**WORK ORDER:** Give back exactly the lines of the entries below from the line with "QR-antine V 0.1 Biker Tank" to the line with "Details I Took", inclusive, and only those.
::: SOURCE DATA :::
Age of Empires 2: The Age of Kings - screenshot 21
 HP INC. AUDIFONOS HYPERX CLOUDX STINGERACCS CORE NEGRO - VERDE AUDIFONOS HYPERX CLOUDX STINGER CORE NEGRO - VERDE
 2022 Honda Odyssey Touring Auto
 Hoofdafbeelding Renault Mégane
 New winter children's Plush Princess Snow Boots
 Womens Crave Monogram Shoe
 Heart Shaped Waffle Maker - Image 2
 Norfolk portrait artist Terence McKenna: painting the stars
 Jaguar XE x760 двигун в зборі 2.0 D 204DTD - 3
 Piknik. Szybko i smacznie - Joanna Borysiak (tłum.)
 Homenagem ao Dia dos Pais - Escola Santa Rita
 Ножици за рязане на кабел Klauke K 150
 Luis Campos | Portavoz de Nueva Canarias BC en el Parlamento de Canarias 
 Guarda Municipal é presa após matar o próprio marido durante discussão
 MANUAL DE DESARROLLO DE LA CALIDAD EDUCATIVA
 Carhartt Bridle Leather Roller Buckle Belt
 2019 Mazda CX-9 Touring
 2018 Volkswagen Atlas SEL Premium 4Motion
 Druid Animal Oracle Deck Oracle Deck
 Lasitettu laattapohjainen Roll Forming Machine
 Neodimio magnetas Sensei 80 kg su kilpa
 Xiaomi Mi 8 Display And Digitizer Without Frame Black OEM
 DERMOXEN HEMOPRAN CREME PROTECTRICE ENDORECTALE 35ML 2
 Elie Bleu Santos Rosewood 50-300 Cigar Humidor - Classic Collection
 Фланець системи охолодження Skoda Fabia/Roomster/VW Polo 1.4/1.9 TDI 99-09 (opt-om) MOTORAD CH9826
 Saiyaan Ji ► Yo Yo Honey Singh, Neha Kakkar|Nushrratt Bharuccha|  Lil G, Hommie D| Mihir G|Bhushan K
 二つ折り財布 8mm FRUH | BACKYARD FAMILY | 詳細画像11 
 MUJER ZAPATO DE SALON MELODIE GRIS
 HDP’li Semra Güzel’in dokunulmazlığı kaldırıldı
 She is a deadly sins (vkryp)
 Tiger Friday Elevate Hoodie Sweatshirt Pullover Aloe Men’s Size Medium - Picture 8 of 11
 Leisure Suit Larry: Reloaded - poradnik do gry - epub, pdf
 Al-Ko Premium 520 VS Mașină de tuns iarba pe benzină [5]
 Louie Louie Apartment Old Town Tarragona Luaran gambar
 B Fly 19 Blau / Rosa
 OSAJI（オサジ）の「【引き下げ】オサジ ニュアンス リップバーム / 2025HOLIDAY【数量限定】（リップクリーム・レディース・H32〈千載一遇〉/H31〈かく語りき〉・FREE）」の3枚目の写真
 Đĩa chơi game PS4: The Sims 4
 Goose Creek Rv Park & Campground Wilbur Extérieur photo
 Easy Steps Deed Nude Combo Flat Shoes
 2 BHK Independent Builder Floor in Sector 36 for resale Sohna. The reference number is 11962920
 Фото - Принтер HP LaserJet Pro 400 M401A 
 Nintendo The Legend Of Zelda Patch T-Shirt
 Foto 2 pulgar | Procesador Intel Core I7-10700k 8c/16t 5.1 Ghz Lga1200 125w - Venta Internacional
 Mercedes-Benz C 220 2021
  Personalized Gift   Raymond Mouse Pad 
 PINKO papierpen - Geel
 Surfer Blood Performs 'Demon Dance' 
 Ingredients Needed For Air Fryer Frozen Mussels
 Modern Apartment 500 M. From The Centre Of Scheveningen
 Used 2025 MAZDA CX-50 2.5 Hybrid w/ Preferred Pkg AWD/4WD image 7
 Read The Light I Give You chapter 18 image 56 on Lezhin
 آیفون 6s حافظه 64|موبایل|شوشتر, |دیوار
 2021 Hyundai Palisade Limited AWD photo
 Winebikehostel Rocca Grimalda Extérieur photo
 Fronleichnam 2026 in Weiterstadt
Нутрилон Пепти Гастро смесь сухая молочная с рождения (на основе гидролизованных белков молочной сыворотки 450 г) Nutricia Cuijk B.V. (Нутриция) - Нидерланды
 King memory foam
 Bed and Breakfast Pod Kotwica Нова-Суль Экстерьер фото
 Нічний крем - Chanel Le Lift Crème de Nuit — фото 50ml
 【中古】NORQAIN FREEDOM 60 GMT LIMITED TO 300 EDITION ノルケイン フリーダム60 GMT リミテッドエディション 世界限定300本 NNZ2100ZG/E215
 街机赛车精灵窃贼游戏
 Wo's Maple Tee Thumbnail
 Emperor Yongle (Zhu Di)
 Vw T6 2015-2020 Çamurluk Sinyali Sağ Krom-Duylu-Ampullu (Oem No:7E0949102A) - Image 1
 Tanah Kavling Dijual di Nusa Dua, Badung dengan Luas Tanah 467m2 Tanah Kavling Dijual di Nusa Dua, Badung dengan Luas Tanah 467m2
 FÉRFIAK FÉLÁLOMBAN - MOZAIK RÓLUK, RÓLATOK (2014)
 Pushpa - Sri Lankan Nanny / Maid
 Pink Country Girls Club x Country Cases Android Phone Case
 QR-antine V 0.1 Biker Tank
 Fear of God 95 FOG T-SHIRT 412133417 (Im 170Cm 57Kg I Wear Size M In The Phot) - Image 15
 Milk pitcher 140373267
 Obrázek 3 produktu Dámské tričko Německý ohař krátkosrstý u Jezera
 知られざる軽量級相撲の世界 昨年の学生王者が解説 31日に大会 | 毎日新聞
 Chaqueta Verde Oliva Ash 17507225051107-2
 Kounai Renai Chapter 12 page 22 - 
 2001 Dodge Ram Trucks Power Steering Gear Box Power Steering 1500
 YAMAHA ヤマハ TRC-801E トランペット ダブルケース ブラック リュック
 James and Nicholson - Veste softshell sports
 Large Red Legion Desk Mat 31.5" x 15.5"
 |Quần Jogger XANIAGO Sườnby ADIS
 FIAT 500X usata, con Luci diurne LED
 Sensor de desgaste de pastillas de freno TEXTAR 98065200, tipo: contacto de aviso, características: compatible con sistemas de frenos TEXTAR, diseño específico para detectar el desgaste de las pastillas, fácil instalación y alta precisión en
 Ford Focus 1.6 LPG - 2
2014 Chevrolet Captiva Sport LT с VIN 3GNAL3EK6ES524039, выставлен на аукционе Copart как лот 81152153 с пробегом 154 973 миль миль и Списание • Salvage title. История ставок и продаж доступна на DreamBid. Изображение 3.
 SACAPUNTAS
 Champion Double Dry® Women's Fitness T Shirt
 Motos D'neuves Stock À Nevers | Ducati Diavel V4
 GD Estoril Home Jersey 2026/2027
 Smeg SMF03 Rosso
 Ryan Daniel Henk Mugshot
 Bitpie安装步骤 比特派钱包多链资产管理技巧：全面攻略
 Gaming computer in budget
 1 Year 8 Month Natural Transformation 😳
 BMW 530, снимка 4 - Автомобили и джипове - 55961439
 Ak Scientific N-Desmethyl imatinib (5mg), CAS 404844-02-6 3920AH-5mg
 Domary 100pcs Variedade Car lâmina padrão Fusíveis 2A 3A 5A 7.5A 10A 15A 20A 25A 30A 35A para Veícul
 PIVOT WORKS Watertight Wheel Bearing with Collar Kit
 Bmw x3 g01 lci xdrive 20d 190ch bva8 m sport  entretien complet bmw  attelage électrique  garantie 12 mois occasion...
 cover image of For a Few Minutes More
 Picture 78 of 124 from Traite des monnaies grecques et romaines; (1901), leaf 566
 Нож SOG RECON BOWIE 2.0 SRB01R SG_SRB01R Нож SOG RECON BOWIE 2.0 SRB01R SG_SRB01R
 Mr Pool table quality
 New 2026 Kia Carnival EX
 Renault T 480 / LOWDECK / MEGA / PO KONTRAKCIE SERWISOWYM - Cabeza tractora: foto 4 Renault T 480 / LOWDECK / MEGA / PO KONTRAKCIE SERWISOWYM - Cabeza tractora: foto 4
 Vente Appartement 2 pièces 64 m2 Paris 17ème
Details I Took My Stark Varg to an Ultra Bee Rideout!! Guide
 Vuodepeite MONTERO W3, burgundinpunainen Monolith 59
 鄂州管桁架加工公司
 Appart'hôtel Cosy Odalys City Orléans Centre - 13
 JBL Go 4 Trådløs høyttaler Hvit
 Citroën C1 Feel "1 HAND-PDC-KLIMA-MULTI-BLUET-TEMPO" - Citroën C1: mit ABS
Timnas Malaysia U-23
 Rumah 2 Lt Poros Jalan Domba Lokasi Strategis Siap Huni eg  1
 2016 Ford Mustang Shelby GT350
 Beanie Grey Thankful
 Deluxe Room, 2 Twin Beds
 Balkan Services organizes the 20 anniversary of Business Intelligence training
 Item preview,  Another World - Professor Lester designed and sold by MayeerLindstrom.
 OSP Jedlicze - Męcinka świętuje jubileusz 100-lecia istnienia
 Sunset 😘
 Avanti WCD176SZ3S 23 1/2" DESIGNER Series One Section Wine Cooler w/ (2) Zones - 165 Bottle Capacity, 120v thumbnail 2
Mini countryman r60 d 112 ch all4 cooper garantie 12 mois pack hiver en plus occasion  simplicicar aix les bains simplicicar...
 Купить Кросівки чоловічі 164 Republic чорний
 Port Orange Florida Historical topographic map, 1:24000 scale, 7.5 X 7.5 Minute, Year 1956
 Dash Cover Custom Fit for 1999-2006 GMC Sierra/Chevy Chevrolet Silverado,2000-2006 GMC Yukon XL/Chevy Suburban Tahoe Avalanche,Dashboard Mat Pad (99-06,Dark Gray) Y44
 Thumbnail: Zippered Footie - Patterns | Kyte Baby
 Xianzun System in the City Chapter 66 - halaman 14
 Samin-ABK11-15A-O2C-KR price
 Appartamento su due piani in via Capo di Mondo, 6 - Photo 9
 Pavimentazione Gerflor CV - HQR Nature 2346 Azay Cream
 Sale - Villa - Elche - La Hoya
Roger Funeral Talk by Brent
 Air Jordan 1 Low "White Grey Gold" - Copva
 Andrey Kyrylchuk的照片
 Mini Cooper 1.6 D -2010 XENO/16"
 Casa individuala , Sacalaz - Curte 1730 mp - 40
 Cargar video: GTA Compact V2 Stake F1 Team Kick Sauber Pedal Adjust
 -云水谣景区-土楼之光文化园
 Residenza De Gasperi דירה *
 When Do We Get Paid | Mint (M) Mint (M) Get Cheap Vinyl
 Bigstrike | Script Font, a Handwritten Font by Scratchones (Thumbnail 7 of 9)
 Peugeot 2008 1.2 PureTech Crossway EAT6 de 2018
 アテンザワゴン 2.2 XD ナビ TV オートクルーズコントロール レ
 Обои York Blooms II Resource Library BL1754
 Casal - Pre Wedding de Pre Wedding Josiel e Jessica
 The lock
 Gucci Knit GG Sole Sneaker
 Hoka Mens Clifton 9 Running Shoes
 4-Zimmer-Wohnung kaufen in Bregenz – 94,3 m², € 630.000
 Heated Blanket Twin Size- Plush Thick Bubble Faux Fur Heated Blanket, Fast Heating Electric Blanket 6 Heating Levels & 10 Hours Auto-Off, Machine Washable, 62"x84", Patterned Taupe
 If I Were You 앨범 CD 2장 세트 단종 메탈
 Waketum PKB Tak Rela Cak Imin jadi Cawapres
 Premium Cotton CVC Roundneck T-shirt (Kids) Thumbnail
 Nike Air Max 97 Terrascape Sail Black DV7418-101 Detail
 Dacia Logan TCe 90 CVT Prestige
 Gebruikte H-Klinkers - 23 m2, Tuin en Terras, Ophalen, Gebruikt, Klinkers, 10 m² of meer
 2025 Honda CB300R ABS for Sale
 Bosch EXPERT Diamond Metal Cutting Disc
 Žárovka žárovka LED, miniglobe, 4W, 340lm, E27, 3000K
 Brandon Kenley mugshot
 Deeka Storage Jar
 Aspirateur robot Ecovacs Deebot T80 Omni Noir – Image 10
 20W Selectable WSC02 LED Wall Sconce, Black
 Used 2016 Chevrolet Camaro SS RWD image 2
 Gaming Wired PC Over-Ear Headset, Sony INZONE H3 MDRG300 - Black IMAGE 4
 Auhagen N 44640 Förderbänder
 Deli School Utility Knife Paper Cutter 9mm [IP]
:::
**RESPONSE TO THIS TASK:**
 QR-antine V 0.1 Biker Tank
 Fear of God 95 FOG T-SHIRT 412133417 (Im 170Cm 57Kg I Wear Size M In The Phot) - Image 15
 Milk pitcher 140373267
 Obrázek 3 produktu Dámské tričko Německý ohař krátkosrstý u Jezera
 知られざる軽量級相撲の世界 昨年の学生王者が解説 31日に大会 | 毎日新聞
 Chaqueta Verde Oliva Ash 17507225051107-2
 Kounai Renai Chapter 12 page 22 - 
 2001 Dodge Ram Trucks Power Steering Gear Box Power Steering 1500
 YAMAHA ヤマハ TRC-801E トランペット ダブルケース ブラック リュック
 James and Nicholson - Veste softshell sports
 Large Red Legion Desk Mat 31.5" x 15.5"
 |Quần Jogger XANIAGO Sườnby ADIS
 FIAT 500X usata, con Luci diurne LED
 Sensor de desgaste de pastillas de freno TEXTAR 98065200, tipo: contacto de aviso, características: compatible con sistemas de frenos TEXTAR, diseño específico para detectar el desgaste de las pastillas, fácil instalación y alta precisión en
 Ford Focus 1.6 LPG - 2
2014 Chevrolet Captiva Sport LT с VIN 3GNAL3EK6ES524039, выставлен на аукционе Copart как лот 81152153 с пробегом 154 973 миль миль и Списание • Salvage title. История ставок и продаж доступна на DreamBid. Изображение 3.
 SACAPUNTAS
 Champion Double Dry® Women's Fitness T Shirt
 Motos D'neuves Stock À Nevers | Ducati Diavel V4
 GD Estoril Home Jersey 2026/2027
 Smeg SMF03 Rosso
 Ryan Daniel Henk Mugshot
 Bitpie安装步骤 比特派钱包多链资产管理技巧：全面攻略
 Gaming computer in budget
 1 Year 8 Month Natural Transformation 😳
 BMW 530, снимка 4 - Автомобили и джипове - 55961439
 Ak Scientific N-Desmethyl imatinib (5mg), CAS 404844-02-6 3920AH-5mg
 Domary 100pcs Variedade Car lâmina padrão Fusíveis 2A 3A 5A 7.5A 10A 15A 20A 25A 30A 35A para Veícul
 PIVOT WORKS Watertight Wheel Bearing with Collar Kit
 Bmw x3 g01 lci xdrive 20d 190ch bva8 m sport  entretien complet bmw  attelage électrique  garantie 12 mois occasion...
 cover image of For a Few Minutes More
 Picture 78 of 124 from Traite des monnaies grecques et romaines; (1901), leaf 566
 Нож SOG RECON BOWIE 2.0 SRB01R SG_SRB01R Нож SOG RECON BOWIE 2.0 SRB01R SG_SRB01R
 Mr Pool table quality
 New 2026 Kia Carnival EX
 Renault T 480 / LOWDECK / MEGA / PO KONTRAKCIE SERWISOWYM - Cabeza tractora: foto 4 Renault T 480 / LOWDECK / MEGA / PO KONTRAKCIE SERWISOWYM - Cabeza tractora: foto 4
 Vente Appartement 2 pièces 64 m2 Paris 17ème
Details I Took My Stark Varg to an Ultra Bee Rideout!! Guide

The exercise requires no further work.